## What to do
Using the data below, return the stretch from the line that contains "Внедорожник / Кроссовер Audi Q5 2021 в Киеве" through the line that contains "Avenida Assis Chateaubriand, em", both included, exactly as it stands and nothing beyond it.

### Listed entries ###

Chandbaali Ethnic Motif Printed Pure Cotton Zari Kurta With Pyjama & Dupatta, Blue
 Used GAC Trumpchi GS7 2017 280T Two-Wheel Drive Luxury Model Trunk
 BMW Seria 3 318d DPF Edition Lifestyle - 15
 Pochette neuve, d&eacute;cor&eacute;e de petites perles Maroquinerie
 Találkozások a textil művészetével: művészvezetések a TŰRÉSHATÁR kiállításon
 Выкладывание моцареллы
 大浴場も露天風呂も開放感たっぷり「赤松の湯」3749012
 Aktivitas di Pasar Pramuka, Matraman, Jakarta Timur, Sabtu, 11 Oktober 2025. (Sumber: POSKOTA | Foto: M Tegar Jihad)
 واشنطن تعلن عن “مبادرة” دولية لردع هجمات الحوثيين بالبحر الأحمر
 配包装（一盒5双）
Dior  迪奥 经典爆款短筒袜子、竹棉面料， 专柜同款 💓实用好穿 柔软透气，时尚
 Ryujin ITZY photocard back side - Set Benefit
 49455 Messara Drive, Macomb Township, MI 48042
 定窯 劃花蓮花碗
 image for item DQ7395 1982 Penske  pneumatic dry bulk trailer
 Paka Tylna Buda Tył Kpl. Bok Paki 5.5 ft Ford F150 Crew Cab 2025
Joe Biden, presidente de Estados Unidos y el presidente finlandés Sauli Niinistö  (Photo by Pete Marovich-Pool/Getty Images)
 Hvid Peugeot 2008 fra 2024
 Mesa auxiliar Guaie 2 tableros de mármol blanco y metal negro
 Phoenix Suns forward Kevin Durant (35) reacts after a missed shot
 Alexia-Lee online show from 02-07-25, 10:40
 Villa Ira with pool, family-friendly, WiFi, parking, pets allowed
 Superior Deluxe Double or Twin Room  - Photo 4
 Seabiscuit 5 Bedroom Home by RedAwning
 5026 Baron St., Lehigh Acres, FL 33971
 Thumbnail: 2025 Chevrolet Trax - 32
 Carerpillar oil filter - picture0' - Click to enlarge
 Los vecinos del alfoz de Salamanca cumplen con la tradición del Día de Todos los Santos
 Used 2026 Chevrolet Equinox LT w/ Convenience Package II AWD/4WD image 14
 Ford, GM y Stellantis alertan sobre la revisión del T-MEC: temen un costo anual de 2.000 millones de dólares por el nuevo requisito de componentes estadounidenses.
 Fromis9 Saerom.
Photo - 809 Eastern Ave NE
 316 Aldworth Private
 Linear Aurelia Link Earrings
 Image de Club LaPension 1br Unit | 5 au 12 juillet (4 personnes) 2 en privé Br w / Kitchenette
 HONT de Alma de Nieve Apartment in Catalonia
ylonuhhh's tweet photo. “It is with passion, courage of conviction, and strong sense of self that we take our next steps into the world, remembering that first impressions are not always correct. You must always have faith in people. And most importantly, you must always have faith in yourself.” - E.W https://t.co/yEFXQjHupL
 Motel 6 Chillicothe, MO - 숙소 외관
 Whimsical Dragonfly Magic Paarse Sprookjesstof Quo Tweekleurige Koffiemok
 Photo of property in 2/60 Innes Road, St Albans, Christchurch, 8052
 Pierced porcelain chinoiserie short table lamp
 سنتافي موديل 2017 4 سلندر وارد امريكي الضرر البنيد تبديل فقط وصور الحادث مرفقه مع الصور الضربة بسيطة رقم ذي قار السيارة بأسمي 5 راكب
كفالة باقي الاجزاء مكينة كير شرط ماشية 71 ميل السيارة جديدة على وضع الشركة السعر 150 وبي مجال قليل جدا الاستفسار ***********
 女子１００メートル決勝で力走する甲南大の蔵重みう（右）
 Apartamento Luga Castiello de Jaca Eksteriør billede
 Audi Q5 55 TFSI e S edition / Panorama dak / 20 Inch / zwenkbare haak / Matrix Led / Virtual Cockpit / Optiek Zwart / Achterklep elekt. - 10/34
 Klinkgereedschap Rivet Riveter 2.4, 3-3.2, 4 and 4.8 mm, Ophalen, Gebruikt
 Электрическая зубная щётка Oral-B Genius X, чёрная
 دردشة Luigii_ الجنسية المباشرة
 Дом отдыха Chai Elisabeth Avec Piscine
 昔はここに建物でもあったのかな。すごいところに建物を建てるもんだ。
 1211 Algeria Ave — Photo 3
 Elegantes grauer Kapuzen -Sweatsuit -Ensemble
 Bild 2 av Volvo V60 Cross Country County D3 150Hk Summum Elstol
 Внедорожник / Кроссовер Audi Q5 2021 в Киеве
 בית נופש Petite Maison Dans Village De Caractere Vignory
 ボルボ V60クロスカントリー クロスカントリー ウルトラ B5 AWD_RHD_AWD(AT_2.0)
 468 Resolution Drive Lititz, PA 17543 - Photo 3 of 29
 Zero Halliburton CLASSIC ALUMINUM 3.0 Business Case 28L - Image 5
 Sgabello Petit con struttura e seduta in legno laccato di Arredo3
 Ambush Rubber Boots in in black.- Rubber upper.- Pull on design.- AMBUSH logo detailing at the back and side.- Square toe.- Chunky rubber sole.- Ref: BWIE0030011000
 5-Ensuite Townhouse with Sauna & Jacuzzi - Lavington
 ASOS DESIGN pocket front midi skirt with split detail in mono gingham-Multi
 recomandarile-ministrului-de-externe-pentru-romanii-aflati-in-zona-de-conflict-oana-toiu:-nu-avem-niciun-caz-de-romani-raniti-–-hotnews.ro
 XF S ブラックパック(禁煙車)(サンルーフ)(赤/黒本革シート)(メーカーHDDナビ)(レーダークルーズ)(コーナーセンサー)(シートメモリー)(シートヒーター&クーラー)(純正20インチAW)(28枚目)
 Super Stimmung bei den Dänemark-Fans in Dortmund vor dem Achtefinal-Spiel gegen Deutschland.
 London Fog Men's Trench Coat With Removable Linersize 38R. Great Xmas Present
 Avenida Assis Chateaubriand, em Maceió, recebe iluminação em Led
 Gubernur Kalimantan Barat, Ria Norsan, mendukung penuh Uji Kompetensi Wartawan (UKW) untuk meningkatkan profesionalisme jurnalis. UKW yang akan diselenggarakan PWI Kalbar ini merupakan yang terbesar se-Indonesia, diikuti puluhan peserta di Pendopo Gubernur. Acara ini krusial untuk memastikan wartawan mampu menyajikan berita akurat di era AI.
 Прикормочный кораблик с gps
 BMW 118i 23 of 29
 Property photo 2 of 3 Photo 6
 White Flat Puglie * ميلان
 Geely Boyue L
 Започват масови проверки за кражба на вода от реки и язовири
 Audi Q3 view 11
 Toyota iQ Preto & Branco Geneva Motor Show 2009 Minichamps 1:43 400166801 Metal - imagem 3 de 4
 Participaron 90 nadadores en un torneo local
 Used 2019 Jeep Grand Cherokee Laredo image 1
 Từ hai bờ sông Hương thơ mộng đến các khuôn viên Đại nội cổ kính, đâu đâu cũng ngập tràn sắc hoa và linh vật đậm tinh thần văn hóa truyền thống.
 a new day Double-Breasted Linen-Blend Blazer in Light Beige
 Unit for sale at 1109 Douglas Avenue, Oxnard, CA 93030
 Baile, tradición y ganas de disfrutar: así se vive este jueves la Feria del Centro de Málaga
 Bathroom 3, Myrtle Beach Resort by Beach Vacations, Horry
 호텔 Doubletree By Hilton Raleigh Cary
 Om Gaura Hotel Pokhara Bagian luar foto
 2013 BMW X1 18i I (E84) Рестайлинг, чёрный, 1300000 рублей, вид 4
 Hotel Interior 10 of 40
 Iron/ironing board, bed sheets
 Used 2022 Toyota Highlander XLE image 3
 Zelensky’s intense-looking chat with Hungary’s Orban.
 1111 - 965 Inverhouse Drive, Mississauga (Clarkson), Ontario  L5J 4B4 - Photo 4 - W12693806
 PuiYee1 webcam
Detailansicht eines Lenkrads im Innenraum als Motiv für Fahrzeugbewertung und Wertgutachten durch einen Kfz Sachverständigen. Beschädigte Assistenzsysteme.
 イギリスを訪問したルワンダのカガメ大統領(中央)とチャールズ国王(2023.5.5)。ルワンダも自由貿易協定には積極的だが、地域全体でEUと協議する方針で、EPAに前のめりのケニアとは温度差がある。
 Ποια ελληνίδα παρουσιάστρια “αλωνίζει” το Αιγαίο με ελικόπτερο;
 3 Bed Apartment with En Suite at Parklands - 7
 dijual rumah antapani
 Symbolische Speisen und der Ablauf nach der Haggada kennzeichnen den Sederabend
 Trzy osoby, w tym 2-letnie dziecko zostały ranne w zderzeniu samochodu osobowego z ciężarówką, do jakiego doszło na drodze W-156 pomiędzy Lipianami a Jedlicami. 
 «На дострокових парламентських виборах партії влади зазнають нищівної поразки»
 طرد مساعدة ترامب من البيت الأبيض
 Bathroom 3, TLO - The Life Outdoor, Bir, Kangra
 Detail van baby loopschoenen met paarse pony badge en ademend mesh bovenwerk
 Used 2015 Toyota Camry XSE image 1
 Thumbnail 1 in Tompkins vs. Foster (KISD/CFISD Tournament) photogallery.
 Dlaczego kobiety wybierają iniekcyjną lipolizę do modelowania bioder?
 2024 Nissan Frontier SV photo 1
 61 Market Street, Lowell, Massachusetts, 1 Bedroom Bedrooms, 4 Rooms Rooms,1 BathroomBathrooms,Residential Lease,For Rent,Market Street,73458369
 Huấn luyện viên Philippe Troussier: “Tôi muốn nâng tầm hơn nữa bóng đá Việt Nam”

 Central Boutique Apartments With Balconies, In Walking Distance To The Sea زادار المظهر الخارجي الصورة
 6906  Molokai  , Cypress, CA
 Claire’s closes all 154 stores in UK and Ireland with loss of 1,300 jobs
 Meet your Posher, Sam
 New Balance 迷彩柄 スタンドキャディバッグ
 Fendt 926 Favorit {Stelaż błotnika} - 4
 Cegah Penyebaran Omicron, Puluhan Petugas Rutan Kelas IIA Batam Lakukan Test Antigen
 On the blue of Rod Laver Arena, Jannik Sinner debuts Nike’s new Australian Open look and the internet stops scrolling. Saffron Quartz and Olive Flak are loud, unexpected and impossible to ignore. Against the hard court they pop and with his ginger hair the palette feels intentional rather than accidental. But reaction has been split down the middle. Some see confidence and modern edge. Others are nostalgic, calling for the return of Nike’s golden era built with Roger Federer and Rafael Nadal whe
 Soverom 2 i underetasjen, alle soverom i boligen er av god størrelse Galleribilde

###

## Answer box
 Внедорожник / Кроссовер Audi Q5 2021 в Киеве
 בית נופש Petite Maison Dans Village De Caractere Vignory
 ボルボ V60クロスカントリー クロスカントリー ウルトラ B5 AWD_RHD_AWD(AT_2.0)
 468 Resolution Drive Lititz, PA 17543 - Photo 3 of 29
 Zero Halliburton CLASSIC ALUMINUM 3.0 Business Case 28L - Image 5
 Sgabello Petit con struttura e seduta in legno laccato di Arredo3
 Ambush Rubber Boots in in black.- Rubber upper.- Pull on design.- AMBUSH logo detailing at the back and side.- Square toe.- Chunky rubber sole.- Ref: BWIE0030011000
 5-Ensuite Townhouse with Sauna & Jacuzzi - Lavington
 ASOS DESIGN pocket front midi skirt with split detail in mono gingham-Multi
 recomandarile-ministrului-de-externe-pentru-romanii-aflati-in-zona-de-conflict-oana-toiu:-nu-avem-niciun-caz-de-romani-raniti-–-hotnews.ro
 XF S ブラックパック(禁煙車)(サンルーフ)(赤/黒本革シート)(メーカーHDDナビ)(レーダークルーズ)(コーナーセンサー)(シートメモリー)(シートヒーター&クーラー)(純正20インチAW)(28枚目)
 Super Stimmung bei den Dänemark-Fans in Dortmund vor dem Achtefinal-Spiel gegen Deutschland.
 London Fog Men's Trench Coat With Removable Linersize 38R. Great Xmas Present
 Avenida Assis Chateaubriand, em Maceió, recebe iluminação em Led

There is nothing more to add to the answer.